• _EXERCISE AIM_: Using the data that follows, output only the lines from the line with "Ko Phi Phi Don: Speedboat" up to and including the line with "Begonia, Deep Salmon Non-Stop", exactly, leaving pictures aside.

• _DATA TO PROCESS_:
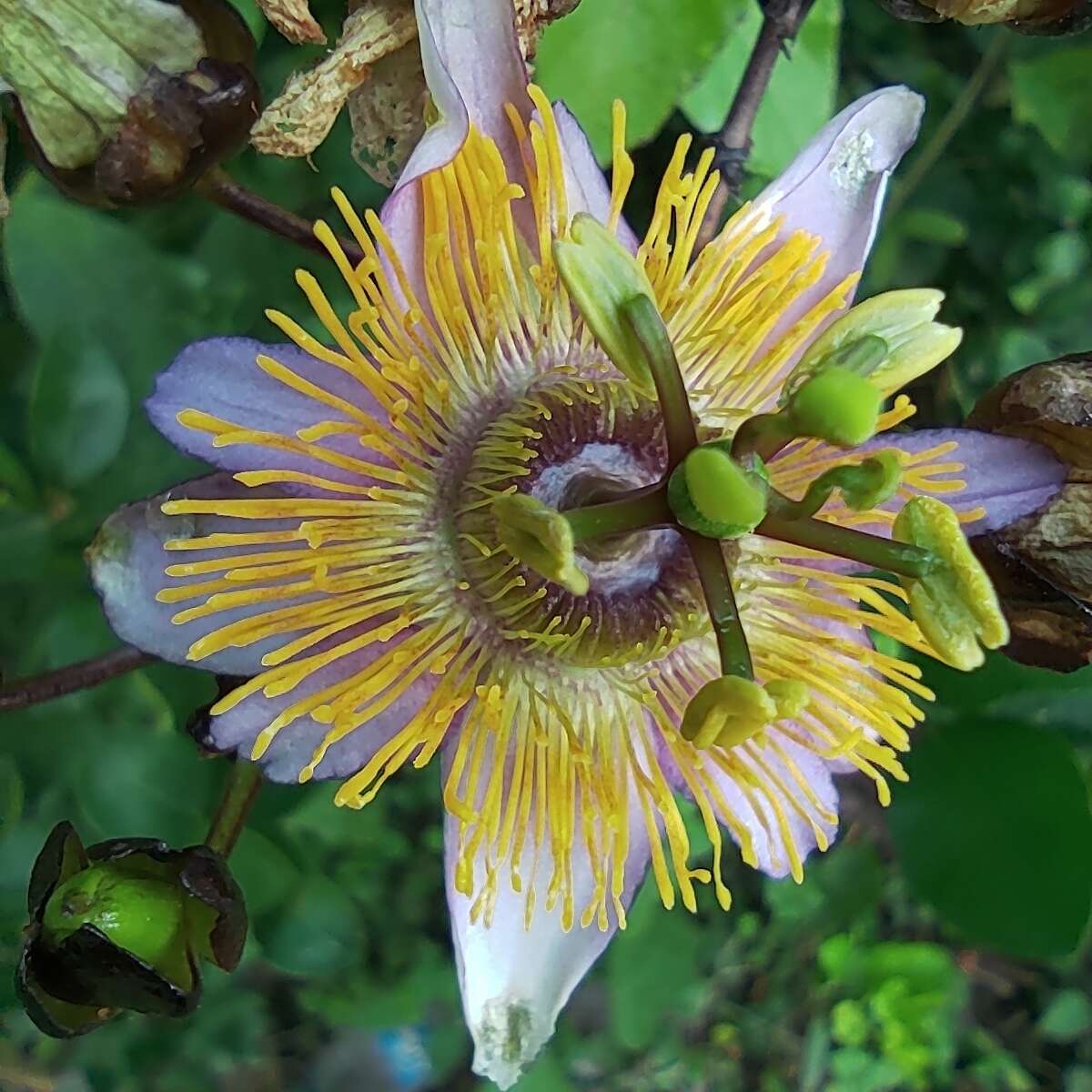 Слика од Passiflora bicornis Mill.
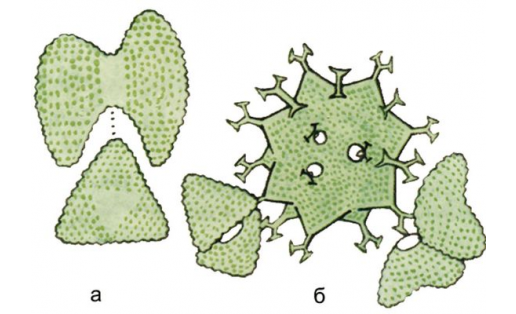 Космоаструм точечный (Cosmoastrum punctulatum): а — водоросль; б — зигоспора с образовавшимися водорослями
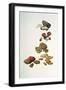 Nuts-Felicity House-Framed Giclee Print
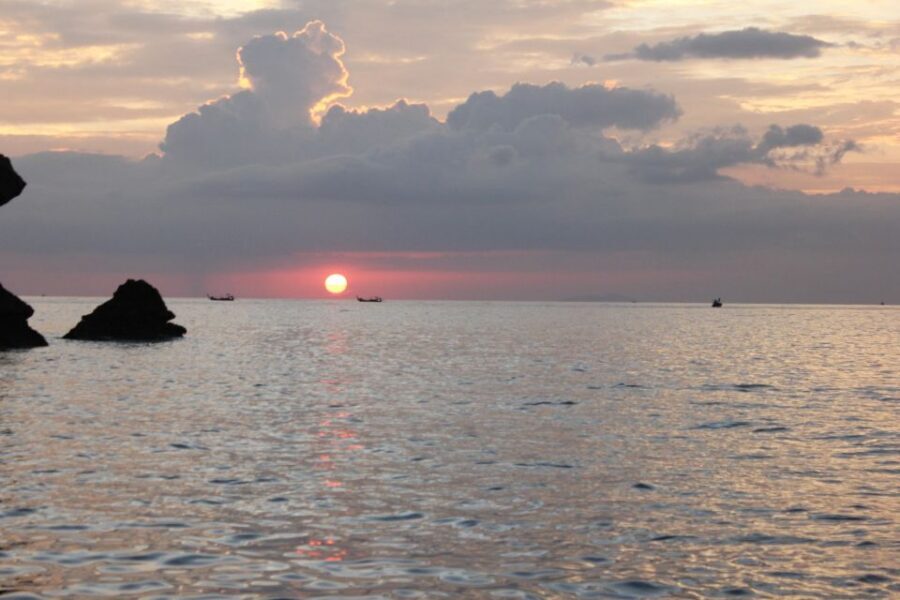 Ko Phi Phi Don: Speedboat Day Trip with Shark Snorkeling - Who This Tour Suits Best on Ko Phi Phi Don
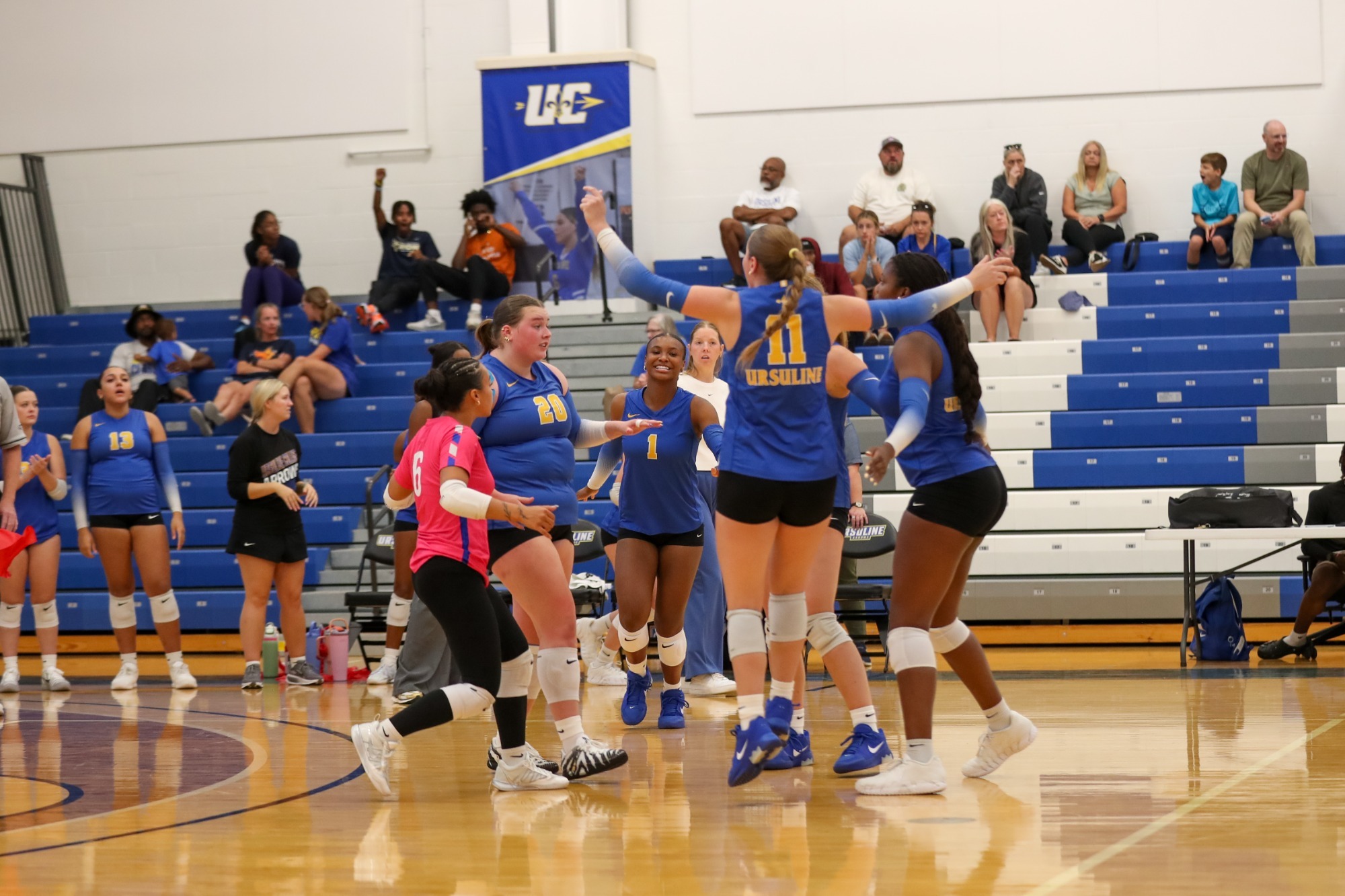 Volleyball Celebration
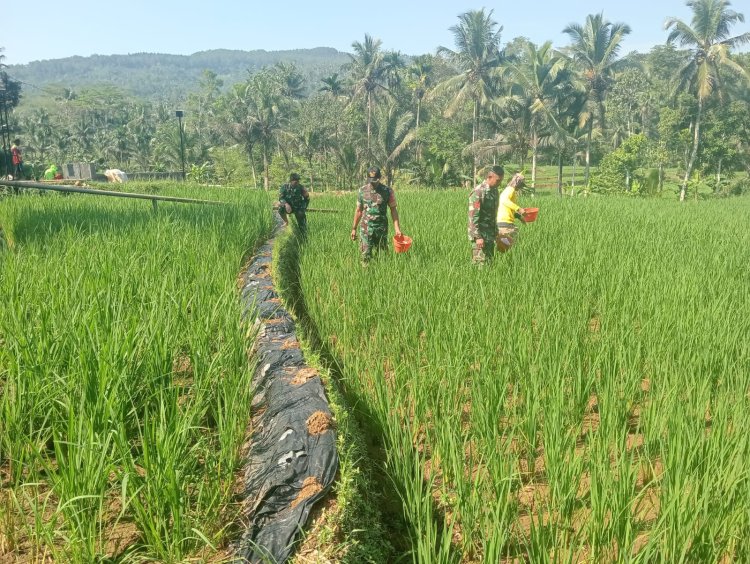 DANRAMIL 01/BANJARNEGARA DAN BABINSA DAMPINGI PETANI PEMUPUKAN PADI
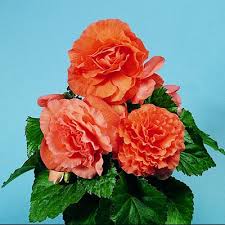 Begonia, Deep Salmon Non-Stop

--

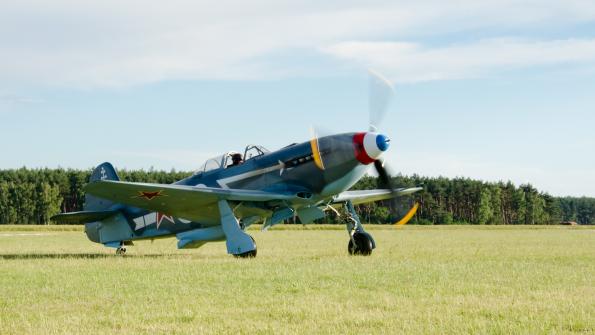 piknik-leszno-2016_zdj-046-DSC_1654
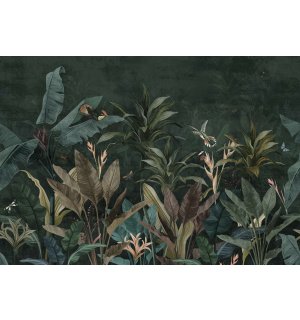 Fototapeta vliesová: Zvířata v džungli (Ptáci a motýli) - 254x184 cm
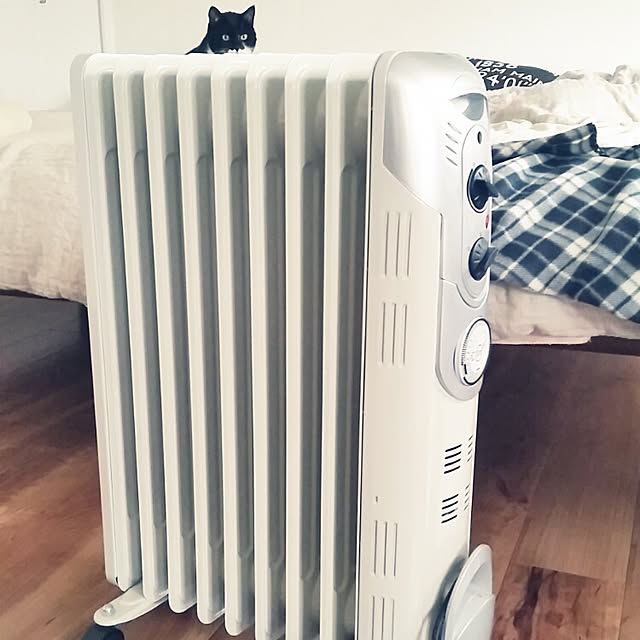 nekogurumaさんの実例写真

* * *

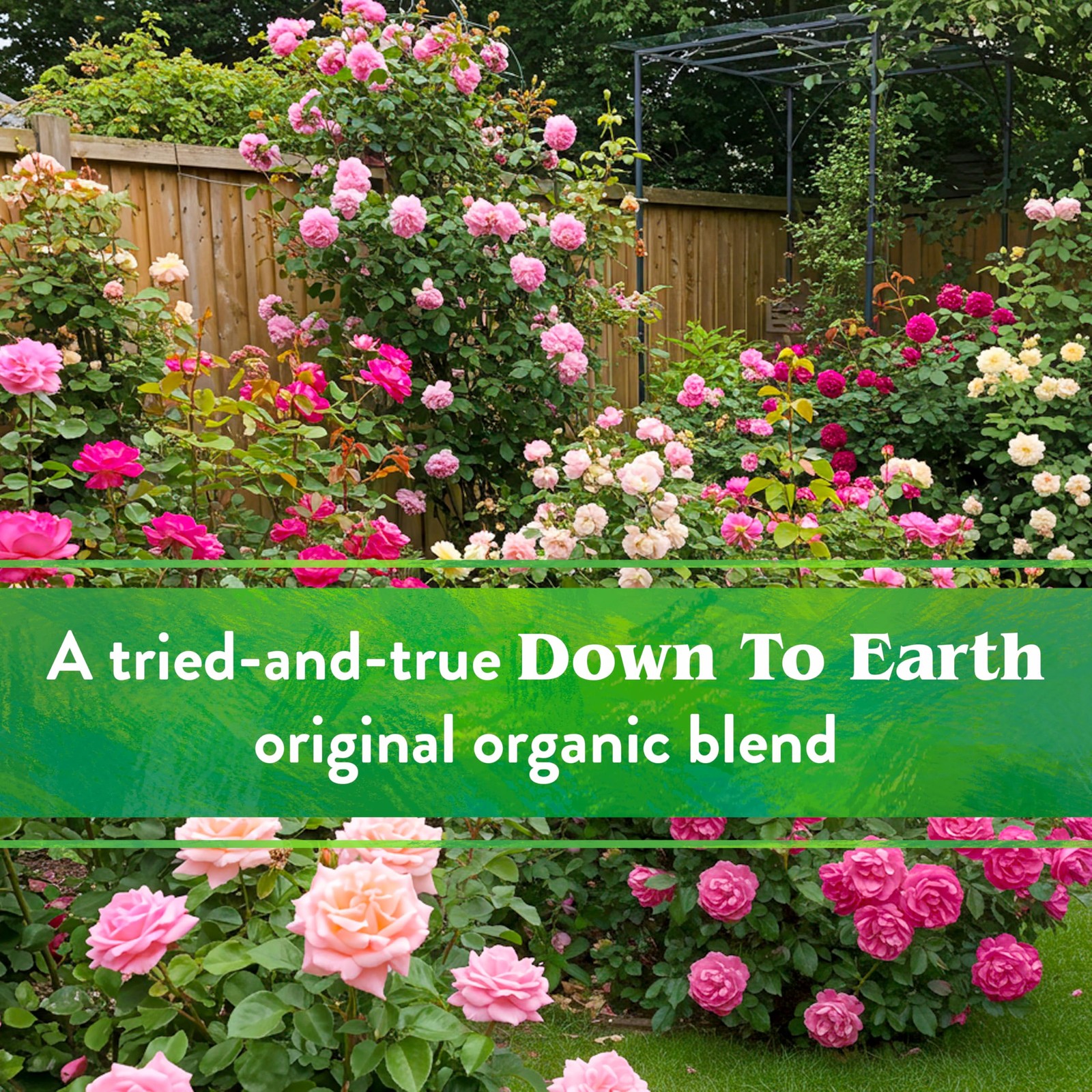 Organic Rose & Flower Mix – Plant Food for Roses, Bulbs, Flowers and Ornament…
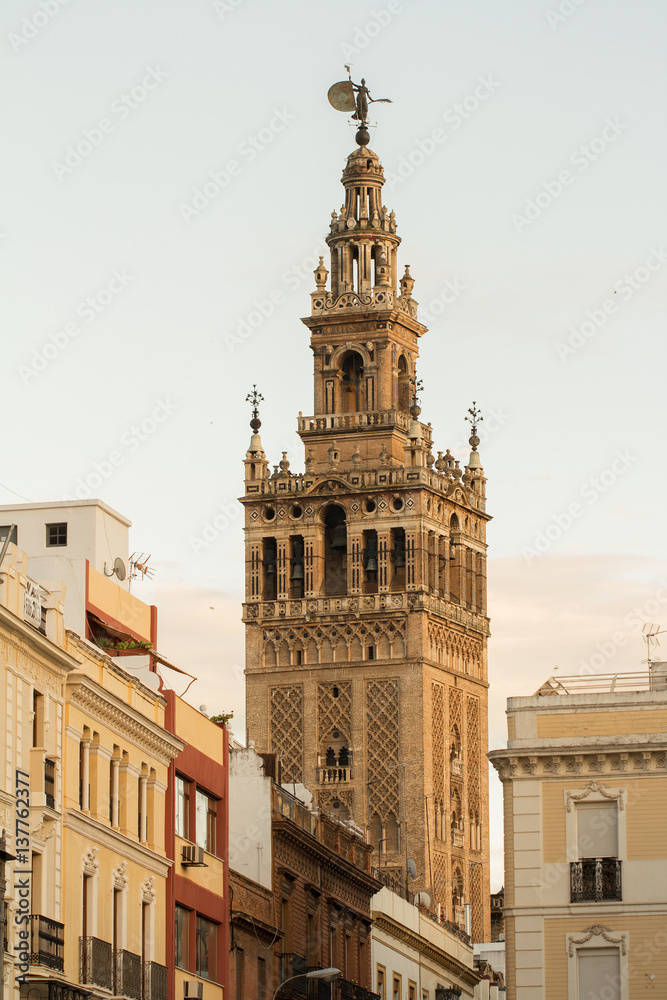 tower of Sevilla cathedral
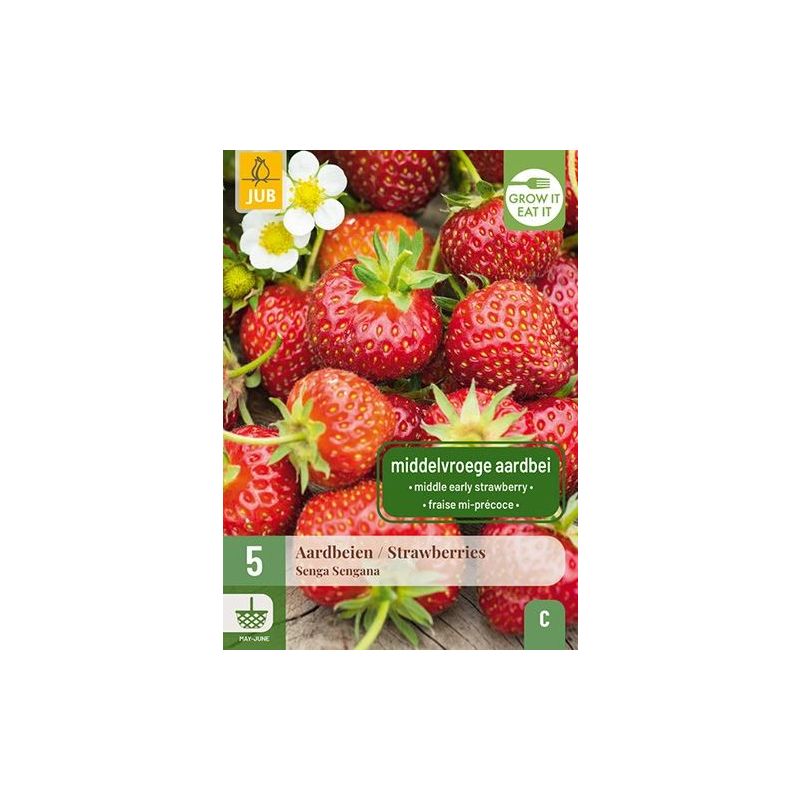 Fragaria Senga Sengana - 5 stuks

• _TASK RESULT_:
 Ko Phi Phi Don: Speedboat Day Trip with Shark Snorkeling - Who This Tour Suits Best on Ko Phi Phi Don
 Volleyball Celebration
 DANRAMIL 01/BANJARNEGARA DAN BABINSA DAMPINGI PETANI PEMUPUKAN PADI
 Begonia, Deep Salmon Non-Stop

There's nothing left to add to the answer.